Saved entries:
==================================================

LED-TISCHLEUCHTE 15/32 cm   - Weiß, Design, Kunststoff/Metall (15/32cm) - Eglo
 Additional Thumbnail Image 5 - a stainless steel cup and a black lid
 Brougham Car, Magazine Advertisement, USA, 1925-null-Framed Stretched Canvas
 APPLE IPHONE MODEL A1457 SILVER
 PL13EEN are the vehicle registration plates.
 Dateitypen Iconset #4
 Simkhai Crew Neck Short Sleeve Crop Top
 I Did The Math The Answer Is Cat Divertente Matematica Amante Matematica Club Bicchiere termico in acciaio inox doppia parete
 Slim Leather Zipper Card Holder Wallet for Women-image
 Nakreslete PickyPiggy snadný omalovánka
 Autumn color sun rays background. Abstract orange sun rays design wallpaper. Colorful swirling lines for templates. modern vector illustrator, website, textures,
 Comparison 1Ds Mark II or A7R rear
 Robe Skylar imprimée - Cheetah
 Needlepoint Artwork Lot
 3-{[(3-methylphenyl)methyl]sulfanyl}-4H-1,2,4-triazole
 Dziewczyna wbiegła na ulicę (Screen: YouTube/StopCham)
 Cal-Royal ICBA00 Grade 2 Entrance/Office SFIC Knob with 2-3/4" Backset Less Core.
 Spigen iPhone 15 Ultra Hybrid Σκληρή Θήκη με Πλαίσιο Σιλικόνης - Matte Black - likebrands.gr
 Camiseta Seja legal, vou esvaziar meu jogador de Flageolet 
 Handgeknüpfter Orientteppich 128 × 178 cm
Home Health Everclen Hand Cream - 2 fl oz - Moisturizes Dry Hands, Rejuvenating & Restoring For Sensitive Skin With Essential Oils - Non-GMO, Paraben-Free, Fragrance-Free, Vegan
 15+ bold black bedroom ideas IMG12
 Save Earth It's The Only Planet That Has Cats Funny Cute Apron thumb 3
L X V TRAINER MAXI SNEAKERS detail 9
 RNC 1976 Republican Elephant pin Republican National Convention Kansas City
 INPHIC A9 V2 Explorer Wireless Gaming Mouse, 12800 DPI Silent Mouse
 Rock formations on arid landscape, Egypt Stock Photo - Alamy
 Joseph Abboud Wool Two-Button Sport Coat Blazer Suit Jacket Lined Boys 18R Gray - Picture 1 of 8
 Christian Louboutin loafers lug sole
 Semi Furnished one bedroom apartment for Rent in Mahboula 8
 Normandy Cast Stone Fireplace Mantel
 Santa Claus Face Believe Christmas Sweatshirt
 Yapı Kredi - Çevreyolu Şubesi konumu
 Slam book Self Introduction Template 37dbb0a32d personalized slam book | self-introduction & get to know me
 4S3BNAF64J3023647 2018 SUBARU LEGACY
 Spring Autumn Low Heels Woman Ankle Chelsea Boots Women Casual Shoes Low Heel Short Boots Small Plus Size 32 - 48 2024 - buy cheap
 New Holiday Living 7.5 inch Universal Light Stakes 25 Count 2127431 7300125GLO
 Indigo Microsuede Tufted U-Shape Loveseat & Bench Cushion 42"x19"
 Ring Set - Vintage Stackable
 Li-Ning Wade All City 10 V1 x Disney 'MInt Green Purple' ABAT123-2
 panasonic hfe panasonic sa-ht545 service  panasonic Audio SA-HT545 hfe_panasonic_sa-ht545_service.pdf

==================================================

● **Aim of the exercise**
Beginning at the first line of the records, retype exactly every line up to and including the one with "Nakreslete PickyPiggy snadný omalovánka".

● **The completed task**
LED-TISCHLEUCHTE 15/32 cm   - Weiß, Design, Kunststoff/Metall (15/32cm) - Eglo
 Additional Thumbnail Image 5 - a stainless steel cup and a black lid
 Brougham Car, Magazine Advertisement, USA, 1925-null-Framed Stretched Canvas
 APPLE IPHONE MODEL A1457 SILVER
 PL13EEN are the vehicle registration plates.
 Dateitypen Iconset #4
 Simkhai Crew Neck Short Sleeve Crop Top
 I Did The Math The Answer Is Cat Divertente Matematica Amante Matematica Club Bicchiere termico in acciaio inox doppia parete
 Slim Leather Zipper Card Holder Wallet for Women-image
 Nakreslete PickyPiggy snadný omalovánka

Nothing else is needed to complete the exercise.